Thursday, February 24, 2011

Death to Gaddafi

I do not consider myself the bloodthirsty sort, but when CNN broadcasts angry mobs executing Col. Muammar Gaddafi I’ll TiVo the kill.
Like I do with favorite sporting moments, I’ll likely watch it a bunch the first few weeks, then maybe once a month, then maybe once a year on the anniversary.
It’s something I may savor with a glass of cabernet.
He was the first contemporary tyrant I ever hated and you never forget your first.
He was always in the headlines for horrific and bloody mayhem when I was a young newspaper reporter in Nashville and Greensburg, Pennsylvania.
To me, he is a Founding Father of state-sponsored terrorism. His money and menace were behind the 1972 Olympic killings and a string of deadly bombings throughout Europe in the 1980s. His bombs blew up discotheques, and machine guns paid for with his oil money slaughtered dozens waiting to board airline flights in Rome and Vienna.
He was an avid supporter of Iran when it held American’s hostage and later when it went to war with Iraq when Saddam Hussein was a key Middle East ally of ours -- and my how times change.
Ronald Reagan tried and failed to kill him with bombing raids in 1986, strikes that killed 45, including Gaddafi’s adopted daughter, but did nothing to deter him.
Then he and his henchmen were behind the Dec. 21, 1988, bombing of Pan Am flight 103 when it was 31,000 feet over Lockerbie, Scotland. The explosion killed 259 crew and passengers and 11 village residents upon whom the thousand pound chunks of debris without warning rained.

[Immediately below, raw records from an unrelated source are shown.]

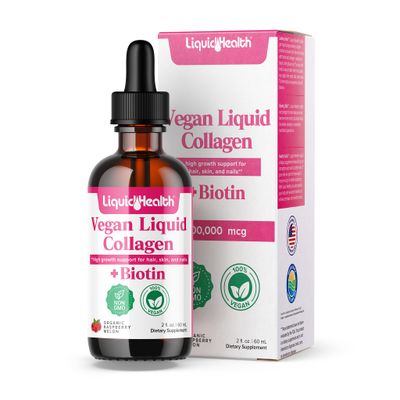 LIQUIDHEALTH 100 Vegan Collagen Plus Biotin 100,000mcg Liquid Drops - Plant-Based Liquid Collagen for Women Men - Hair Nail Growth, Skin Health, Boosts Metabolism - Made in USA, Non-GMO (2 oz)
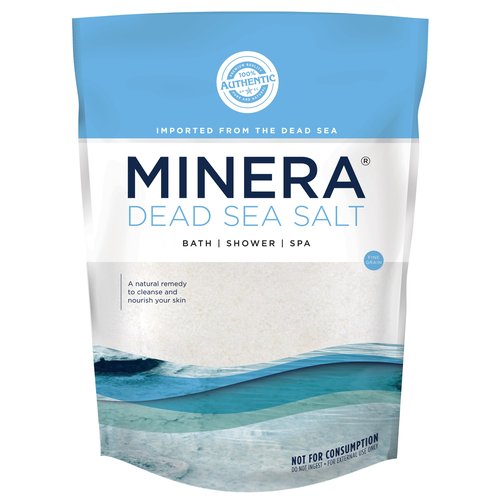 Minera Dead Sea Salt, 100% Pure & Natural, 10 lbs. Fine Grain (0-1.7 mm) Bulk Bag, Easily Dissolving Dead Sea Salts for Soaking & Bathing, Skin Nourishing Fine Sea Salt, Unscented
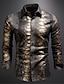 cheap Men&#039;s Vintage Shirts-Snake Metallic Abstract Men&#039;s Shirt Daily Wear Going out Fall &amp; Winter Turndown Long Sleeve Black, Gold, Brown S, M, L 4-Way Stretch Fabric Shirt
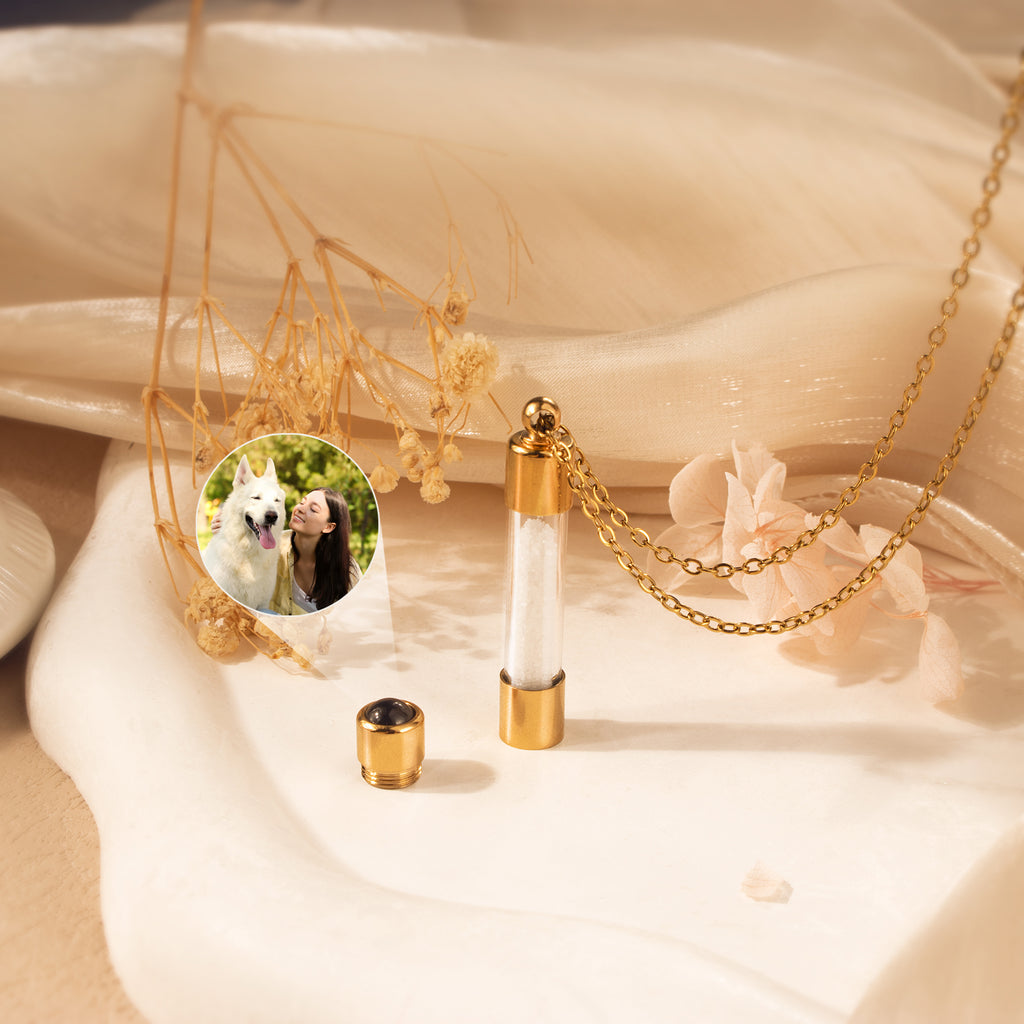 Cylinder Photo Projection Pet Memorial Necklace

Two of the victims were local girls, Elyse Saraceni and Beth Johnson from  Greensburg’s Seton Hill College. The pair were returning from Europe to spend Christmas home with their families. I contributed coverage of the funerals and local outrage over the killings that remains unavenged.
The recollection of those poignant holiday losses still galls.
His body count may or may not be as high as Osama bin Laden’s, but his deadly aspirations have always been the same. 
That’s why I’ve been mystified by the change in Gaddafi’s stature over the last 10 years.
Admittedly, much about U.S. foreign policy mystified me over the last 10 years, but I’ve been most surprised about the shift in attitude toward Gaddafi by the people I count on to know better.
It was summarized thusly by David Blair, diplomatic editor of the prestigious Daily Telegraph in London. Here’s what he wrote in 2009:
"In his four decades as Libya's 'Brother Leader', Colonel Muammar Gaddafi has gone from being the epitome of revolutionary chic to an eccentric statesman with entirely benign relations with the West.”
Revolutionary chic? Eccentric statesman?
Now, I’m not versed in the deft, polite ways of diplomatic conversation, but WTF?
This is not some colorful and benign leader with quaint and idiosyncratic ways. This is a homicidal madman.
The revolution in Egypt was a euphoric triumph. What’s happening in Libya is compelling for more base reasons.
There will be no apologies, no trial, no exile to some cushy Mediterranean splendor.
This ending is preordained.
We’re witnessing the fruits of four decades of bloody repression ripen in real time. We have the opportunity to watch every step as determined mobs advance to an inevitable end that will make squeamish diplomats turn away.
Gaddafi’s vowed to fight to his last drop of blood.
It’s the one public utterance he’s made I wholeheartedly endorse.
Hope you like hell, you son of a bitch. There's a seat saved for you.